Эти видео в самом деле хороши. Получается, он снимает свою жизнь, жизнь вокруг, свою дочь.

Наши разговоры…

Мы решили все вопросы, не осталось ничего, никаких обид, никаких обид, ничего такого, от чего был бы стыд или зудело где-то, как непонятная боль.

И подумала, что, может быть, останемся тут жить. А что, сковородки у нас есть. Но, когда я предложила, папа засмеялся. И сложил все свои тряпочные сумки и кульки в чемодан. Сказал, едем домой.

Я.

Начала.

Спорить.

Когда-нибудь мы вернёмся домой. И дальше будем жить. Но Бали – правильное изменение.

Правильное.

Всегда есть какой-то путь. Всё готово.

История о простушке

Уронила телефон в воду. Обхватывает голову. Беда. Утром готовила траву (зверобой) для отца. Чтобы дать остыть настою, вынесла на холод. Кипятила воду, чтобы в остывший настой долить. Но папа занёс и спросил: «Что это?». Ответила: «Остывает». Он вернул миску в кухню, опустошенную, трава облепила края и дно. «Ты зачем выпил?» – «Ты же сказала, остывает» – «Надо было долить и по два пальца, не всю её пить, а за тридцать минут до еды!». В сердцах, кривя лицо своё, с красными от жара щеками причитала девушка. Отец был обижен: «Ничего для меня не делай! Ни-че-го!». Захлопнул дверь. Она глядела на эту миску и думала.

Он живёт как собака. Во двор вынесут, значит – мне. Так думает пёс. Знал, что она готовила ему, чтобы он поправился, чтобы улучшить самочувствие его, это питьё из настоя, и, увидев остывающую миску, в которой не был еще настой, а просто заваривалась трава, – выпил.

Жить с предубеждениями. Каждый день жить, друг другу не угождая. У каждого своя посуда. Звуки на кухне разные. Стоят за столом, сгребают каждый своё варево в посуду, она – деревянной лопаткой, он – дырчатой ложкой, которая шумовка. Она стоит и стучит лопаткой, отбивая от стенок кастрюльки пшено, он стоит и звенит своей шумовкой в большой высокой кастрюле.

Телефон в воде. Уже не починишь.

Чтобы загладить вину (жалела, что кричала на своего беднягу-отца), стала мести двор. Перья, песок и снег. Перья от куриц, ощипанных с прошлой недели, песок и снег с неба и земли. И грызёт чувство вины вместе с ними, тремя различиями, раз полоска желтая, раз белая, и метла вся в перьях.

И почему-то хочется плакать.

Разговор с отцом никогда не клеится. Всегда в конце – его планы: «Я завтра пойду за краской», «На баланс мне надо кинуть».

Необычный день, думает девушка. Сидит в туалете, глядит в щель двери, затягивается.

С утра накрасила ногти, тушью воспользовалась, принялась себя перед умывальником фотографировать, а телефон упал прямо в воду. Теперь сохнет на печке. У неё только одно ярче: «Если вынесли что-то во двор, значит – мне». Живёт мой папка как собака, обыкновенный дворовый пёс, молчит, ничего не просит, мучается, ходит жидко. И пустую миску он вернул как-то по-собачьи. Девчонка папу, неизвестно, любит ли. Не зная, живёт. «Не ему же ногти красить!». Ждёт защиты от кого-то. У неё простая голова, длинноволосая и темная. Ростом маленькая, полненькая. В своей жизни уже любила раз. Возможно, раньше была умной, а теперь у неё мечта есть. Какая, не скажет.
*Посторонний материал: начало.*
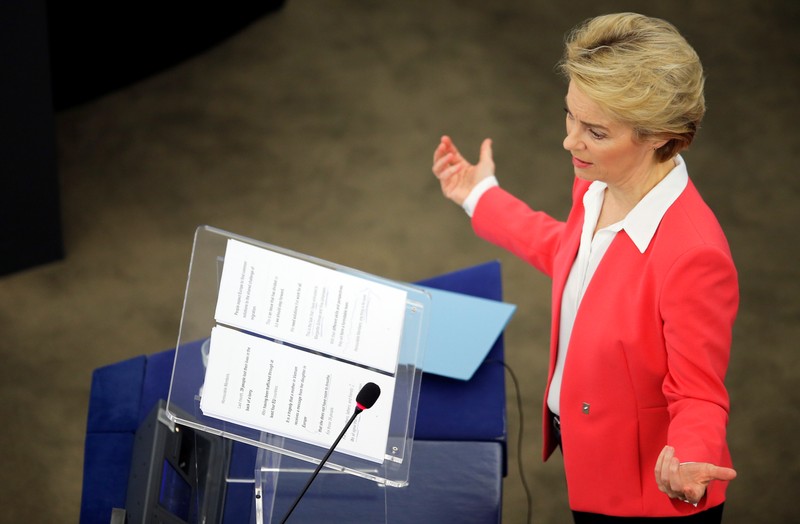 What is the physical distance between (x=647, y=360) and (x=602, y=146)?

Мини эк күдрəв үстə – У моей мамы кудрявые волосы

После того, как мы с ней посидим до поздней ночи, на следующий день она говорит мне, кладёт ложку на стол и говорит: «Сидела тут вчера с веками трёхэтажными».

Как же мне сложно было писать сочинения. Это она недовольная, это она, как мне думалось, злая. А она просто сердилась на меня из-за того, что я не могла написать сочинение сама.

Как же хотелось спать.

Веки действительно становятся «трёхэтажными», когда хочется спать, по крайней мере у калмыков).
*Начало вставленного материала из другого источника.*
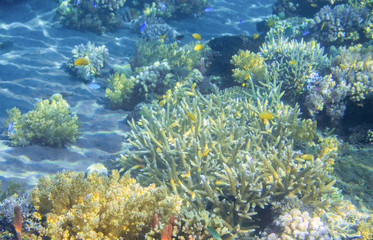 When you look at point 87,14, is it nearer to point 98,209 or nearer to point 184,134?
point 184,134

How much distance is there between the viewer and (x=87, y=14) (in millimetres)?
10609

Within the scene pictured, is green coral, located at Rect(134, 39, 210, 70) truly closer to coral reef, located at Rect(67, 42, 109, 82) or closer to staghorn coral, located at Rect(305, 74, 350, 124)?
coral reef, located at Rect(67, 42, 109, 82)

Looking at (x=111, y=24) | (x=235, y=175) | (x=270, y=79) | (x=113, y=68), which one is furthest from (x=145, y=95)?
(x=111, y=24)

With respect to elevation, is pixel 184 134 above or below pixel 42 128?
above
Мама как будто ко мне не была нежной. Я помню, что даже самые милые моменты она как-то срезала. В отношении меня (мне так всё время казалось).

Переосмысливаю её всю. Характер, привычки, всё, что я помню.
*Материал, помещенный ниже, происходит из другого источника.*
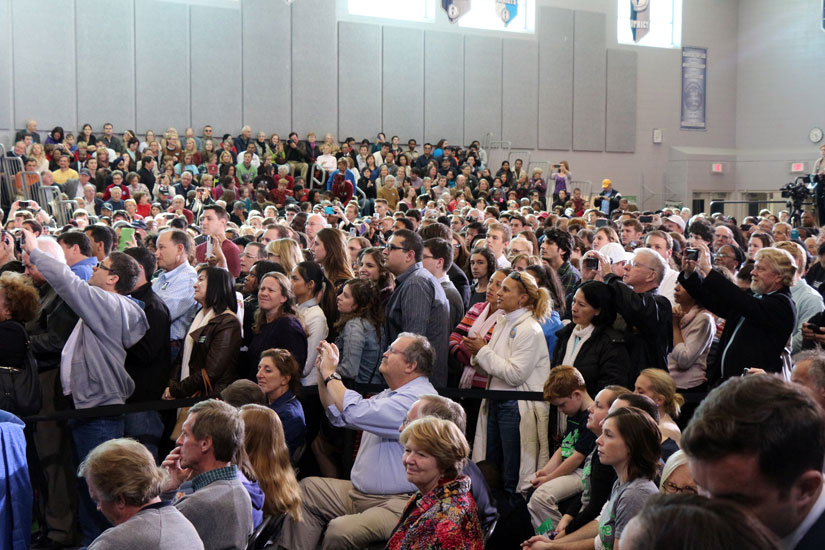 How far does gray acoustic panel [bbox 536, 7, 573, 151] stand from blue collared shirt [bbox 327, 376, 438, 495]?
856 inches

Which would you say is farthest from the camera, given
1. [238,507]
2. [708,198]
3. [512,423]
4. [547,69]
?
[708,198]

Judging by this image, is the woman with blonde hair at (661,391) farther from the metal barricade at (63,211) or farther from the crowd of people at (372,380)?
the metal barricade at (63,211)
Мой первый класс. Нужно сделать домашнее задание – выучить части слова.

Я до того не въезжала, что получила по башке. Я тупая. Слезы капали прямо на страницу, над которой я сидела час. И я увидела ещё, что она расстроена. Мама.

Утром уже в школе я смотрю на эту же страницу и слышу голос учительницы: «Так! Части слова?». И это звучит для меня как заклинание, в прямом смысле слова. Я выпаливаю с места: «Приставка, корень, суффикс, окончание!». Я знаю, что говорю.

Получается, урок выучила «на зубок», но были слёзы и нервы. Плюс по голове дали.